Mild winters, temperate summers and a wide range of activities may make North Carolina the ideal place for you to live. Unfortunately, the high humidity that accompanies the balmy weather also creates a breeding ground for mold. Although often consisting of harmless forms of fungi, there are some molds that produce toxins capable of causing severe health issues if not addressed. At Triangle Law Group, we often represent clients whose toxic mold issues go uncorrected by their landlord.
Generally speaking, you are responsible for the problems related to your apartment. If there is mold growth as a result of spills or moisture that do not get cleaned, the issue is your responsibility.
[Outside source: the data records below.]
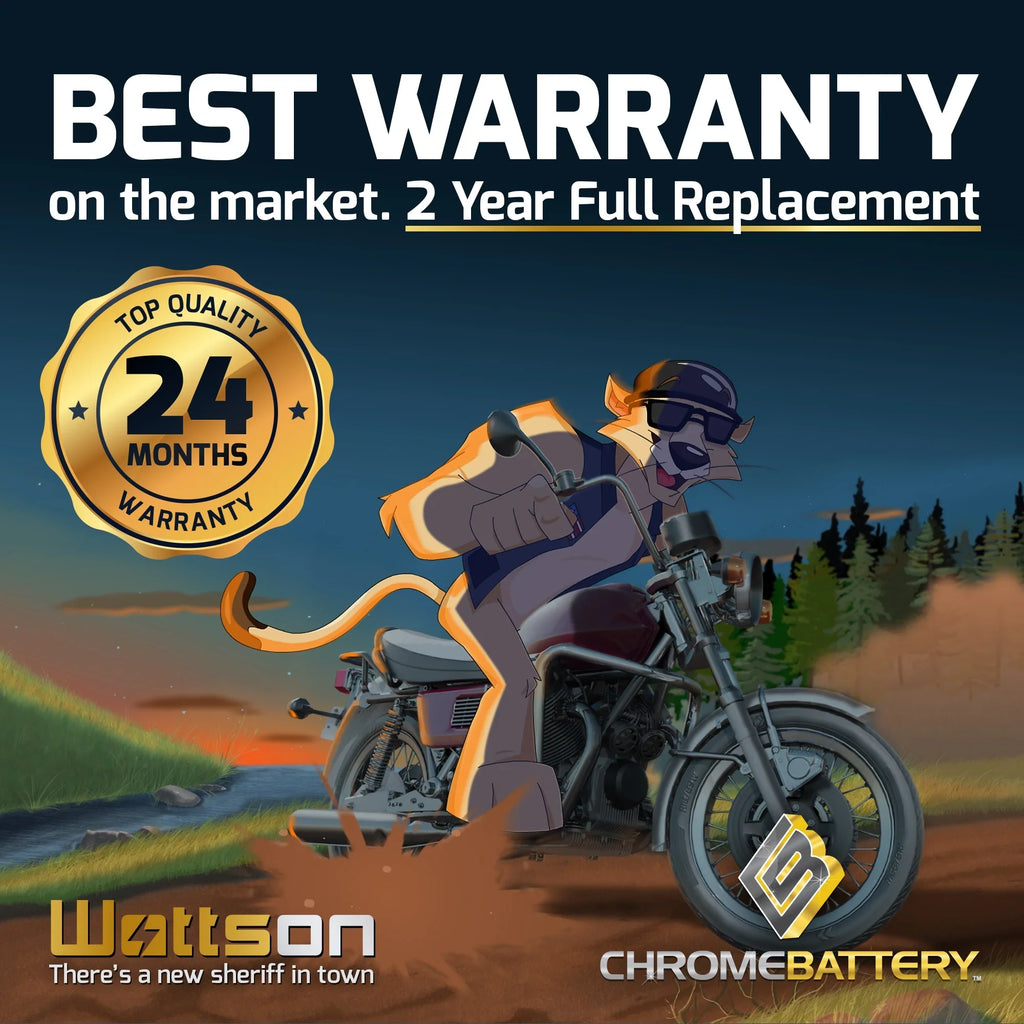 Ski Battery Battery Arctic CCA) for Tiger Cat 97-'99 Shark 12 Chrome 770cc Ah, Jet (14AHL-BS 210 YTX14AHL-BS Volt,12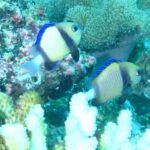 Deux dascyllus jaune pâle à bande noire et nageoires bleues devant un corail blanc et des coraux encroûtants roses, dans une eau verte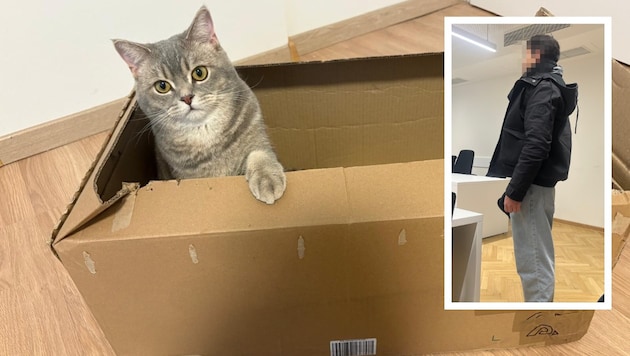 The 20-year-old packed his cat “Shana” (stock photo) into a cardboard box, mailed it—and was ...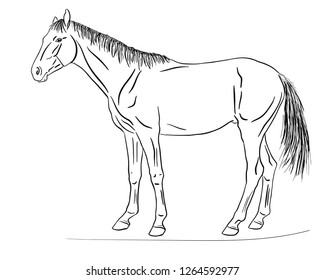 Vector Illustration Horse Stock Vector (Royalty Free) 1264592977 ...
However, according to North Carolina law, landlords have the responsibility to keep the property "fit and habitable." While there is no specific mention of mold, state law requires that all buildings must meet applicable housing and building codes. Specific areas that landlords have responsibility includes the following:
- Electrical and air conditioning
- Sanitary building conditions
- Repair and maintenance
- Common area upkeep
Mold can cause health problems and structural damage, especially if it is the result of a plumbing issue. If the landlord refuses to handle the problem, he or she may be liable for negligence. When a small mold concern in your rental becomes a major problem, skin issues and asthma may worsen. Respiratory health issues may also result.
In North Carolina, the only problems landlords must take action on are those that you have given the landlord notice of and that you have not caused. If you have reported an unaddressed issue to the authorities and there is still no resolution, there may be grounds for a claim. Visit our webpage for more information on this topic.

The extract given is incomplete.